この前ご紹介した、土井さんの対談本で、「和える」ということについて語られていました。


旧暦のお正月の朝、箒がけしつつ、「和える」ことに考えを巡らしました。そのことをnoteにまとめてみようと思います。


和食には、「和物(あえもの)」という調理の方法がありますよね。
「和える」って、「混ぜる」じゃない。
満遍なく混ぜてしまうと、別物になると。
一番きれいなところでやめるのが大事なんだと土井さんは言います。

「和える」という感覚って、様々なことに通じるなと思います。

例えば、音楽。


いい演奏は「一人ひとりが自分の演奏を追求しているのに、バンドとしての全体のまとまりがある」と、ジャズ評論家の清水俊彦さんから伺ったことがあります。たしか、レオ・スミスのバンドのことをそのように話していたような記憶があります。

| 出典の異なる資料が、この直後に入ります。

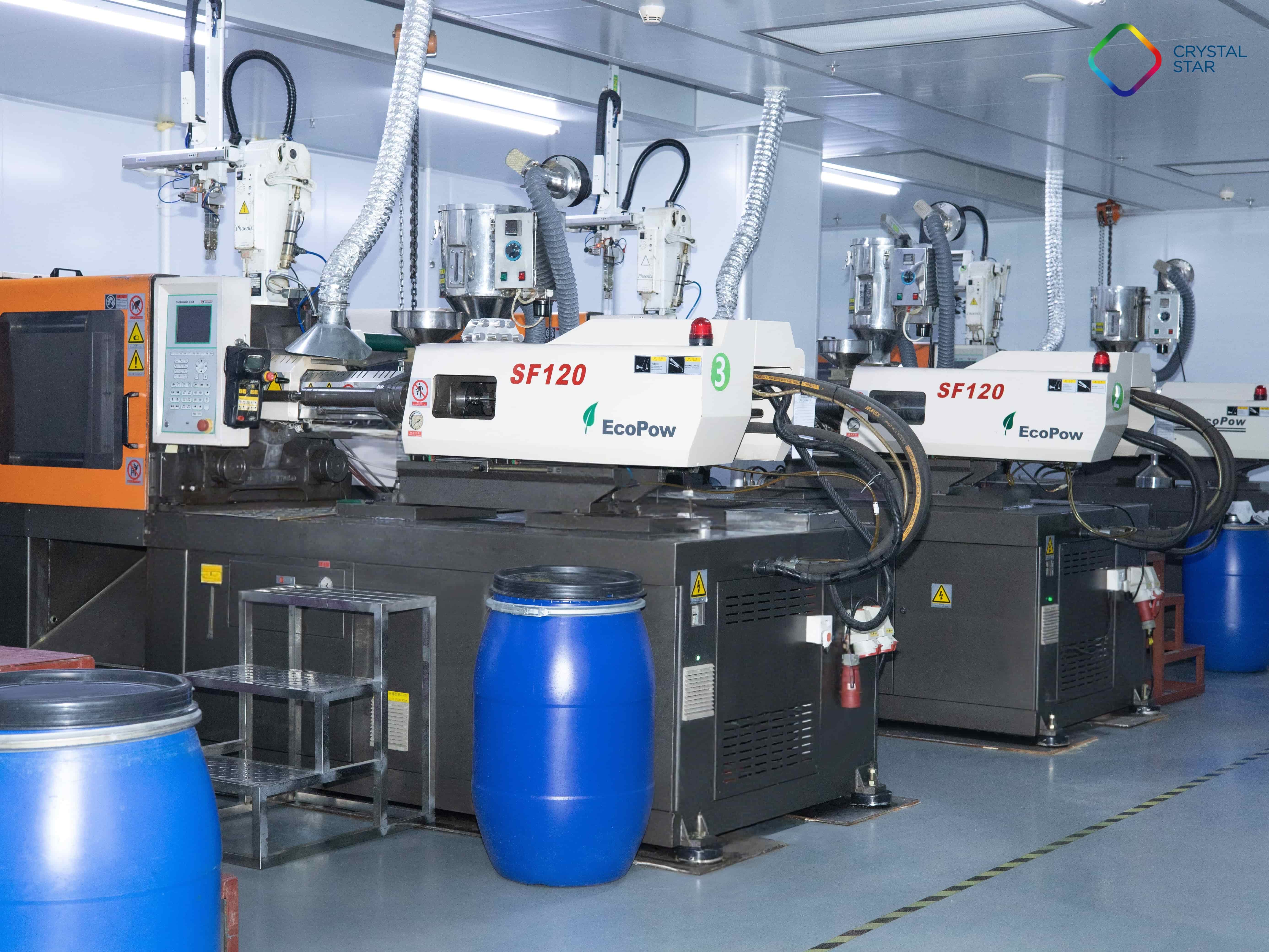 High-precision injection molding machines producing PC and Tritan injected sunglasses lens.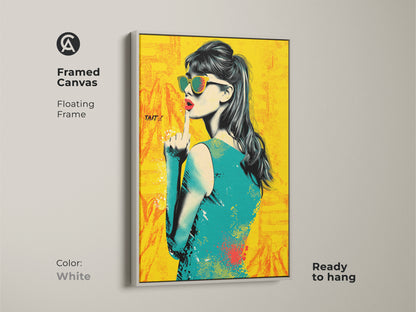 Framed canvas of a pop art woman. It features a white floating frame and is ready to hang. This retro style home decor includes a fashion wall hanging. The yellow orange and teal print adds a unique touch. This canvas artwork is perfect for eclectic interiors.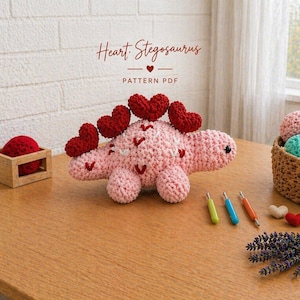 Puede incluir: Un estegosaurio rosa hecho a mano con detalles de corazón rojo. El dinosaurio tiene espinas en forma de corazón rojo y pequeños corazones rojos en su cuerpo. La imagen también incluye ganchos de ganchillo, ovillos de lana y una pequeña planta.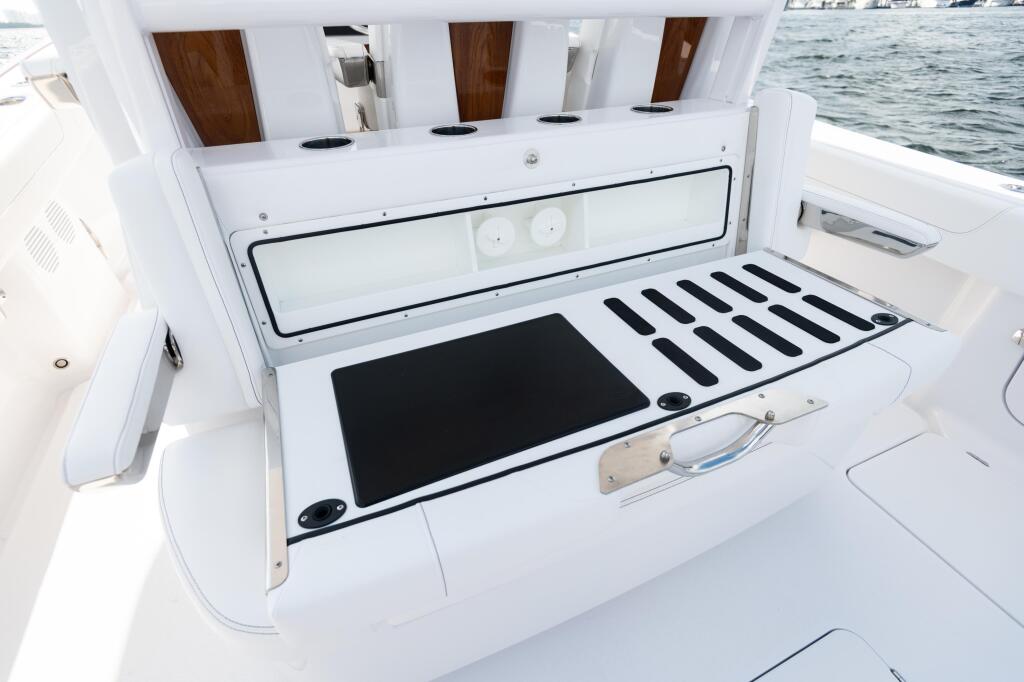 Open livewell with bait prep surface and rod storage slots on fishing boat deck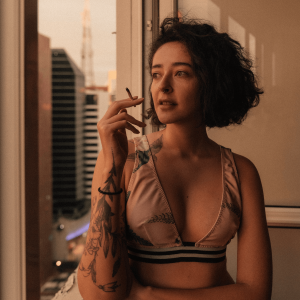 a woman smoking a joint and looking out the window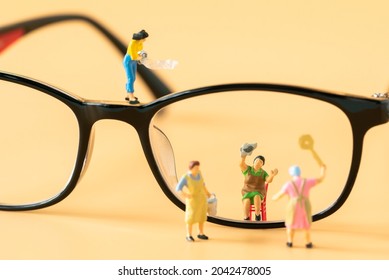 Miniature People Housewife Maid Or Worker Standing And Cleaning Dirty Reading Glasses Using As Hospitality Hotel Cleaning Service Business Or Health Care Healthy And Wellness Life Style Safety Concept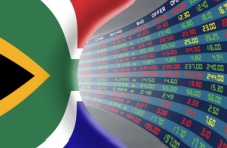 An image of the South African flag against a large stock market digital display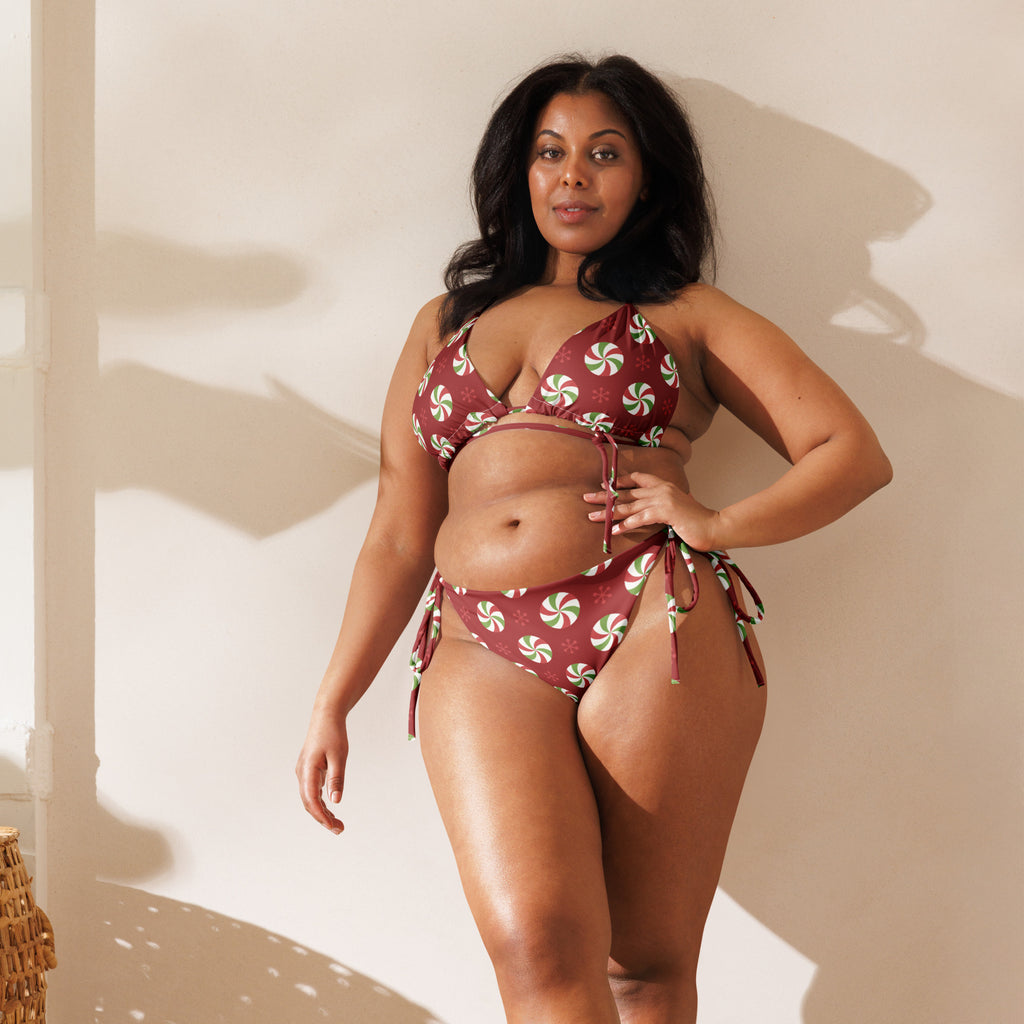 A womens red peppermint candy buttery soft recycled string bikini with upf 50 plus featuring adjustable ties and triangle top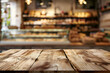 © rhmwhyni - empty wooden table blurred bakery shop background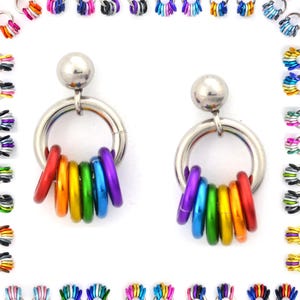 May include: A pair of silver-toned earrings with a large ring design. Each earring features a rainbow of colored rings hanging below the main ring. The earrings are surrounded by other colorful ring designs.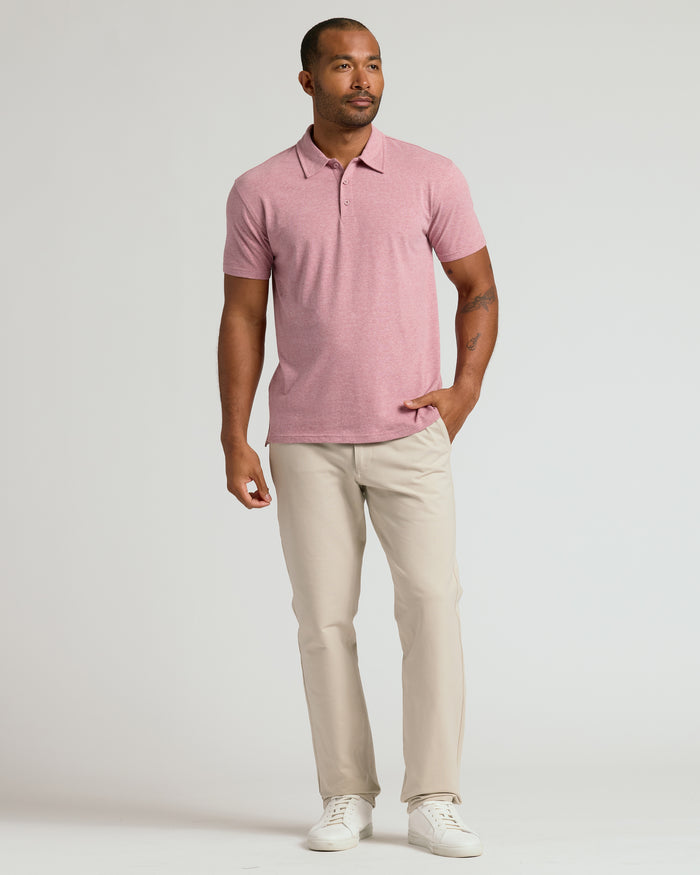 Model in Light Heather Boysenberry Classic Polo with tattoos, beige pants, sneakers.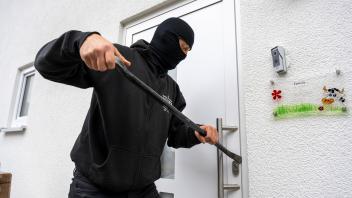 21.11.2022, Thema Einbruchdiebstahl in Wohnhäuser, Symbolbild, Einbrecher versucht mit Brecheisen die Haustüre aufzubrec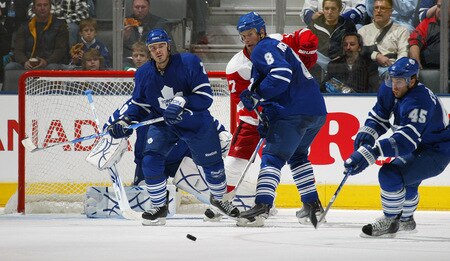TORONTO, ON - SEPTEMBER 26:  Mike Komisarek #8 and Ian White #7 of the Toronto Maple Leafs watch an incoming shot in a pre-season game against the Detroit Red Wings on September 26, 2009 at the Air Canada Centre in Toronto, Ontario. The Leafs defeated the Red Wings 2-1. <br /><br /><span class="help">(Photo by Claus Andersen/Getty Images)</span>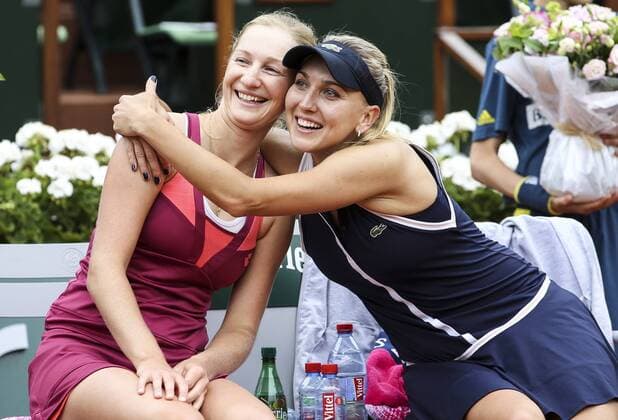 (130609) -- PARIS, June 9, 2013 (Xinhua) -- Ekaterina Makarova and Elena Vesnina (R) of Russia celebrate after winning the women s doubles final match against Sara Errani and Roberta Vinci of Italy at the French Open tennis tournament in Paris June 9, 2013. Ekaterina Makarova and Elena Vesnina won 2-0 to claim the title. (Xinhua Tang Shi) (SP) FRANCE-PARIS-TENNIS-WOMEN S DOUBLES FINAL 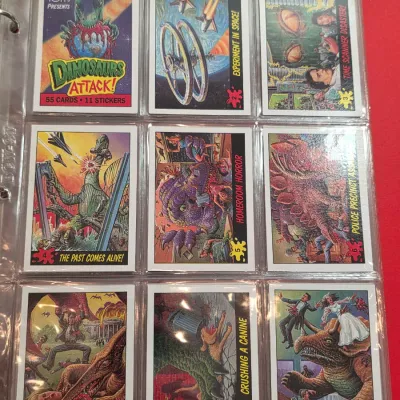 Sale Photo Thumbnail #10: A collection of vintage 1988 Topps Dinosaurs Attack! trading cards, numbered 1 through 9, displayed in a plastic binder sleeve.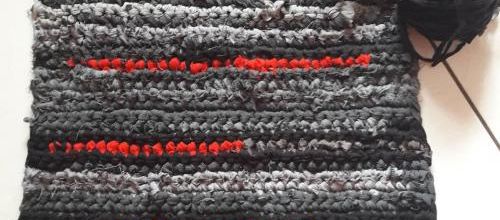 Un tapis en traphilo crocheté gris et rouge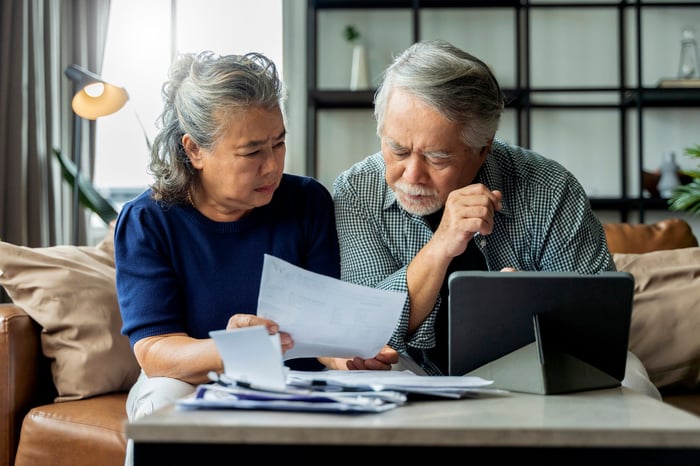 Two people with concerned expressions looking at a document.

*たまたま、レオ・スミスを検索したら出てきた記事です。
母校の出身の方だったので、嬉しくなって引用させていただきました。

例えば、教育。


個性豊かに、とはいうけれど、実際にはどうなんだろう。
役に立てる喜びを知っている子が学校の一人一人だったら、そして、いろいろな役割があることを誰もが理解している学校だったら、「みんなちがってみんないい」はうまく回ります。

(詳しくは「特活」についての記事に書かせていただきました↓)

例えば、茶道。


茶道は総合芸術の世界。一期一会の一服を味わっていただくために、さまざまな要素を、うまくその日、その時のお茶席に取り込んでいく必要があります。

その時に、亭主の好みや趣味などでお茶席を創っていくことも大切なのだろうけれど、そこに集う方々のいろいろな情報や、持ち込んでくるものを「和える」と、誰もが思っていないような調和の世界が現れる。まさに、一期一会とはそういう自然現象のことを指すのではないかと思います。

例えば、組織経営。


経営者が社員一人一人の顔が見えないように「混ぜて」仕舞えば、いっときビジネスはスムーズに進むかもしれませんが、必ず限界がきます。

高度経済成長で肥大化した資本主義などはその典型で、組織と一人一人がかけ離れてしまいました。

30年間のGDP横ばい時代を経たコロナ禍により、その辺りは変化してきつつあるなと感じます。

規模は大きくなくても、一人一人が自分の感覚を信じてモノを作る。
買う側と作り手が、もっと近くに寄り添いながら、お互いの顔が見える範囲で、モノを開発していく。
そういった、誰もが幸せになる、フラットな関係性を生み出すビジネスは、
まさに「和える」世界。

あらためて、和食は奥が深いな〜と思いました。
普段何気なくやっているものではありますが、あらためて一つ一つの調理方法や所作を見直していくと、生き方のヒントが隠されているのかもしれません。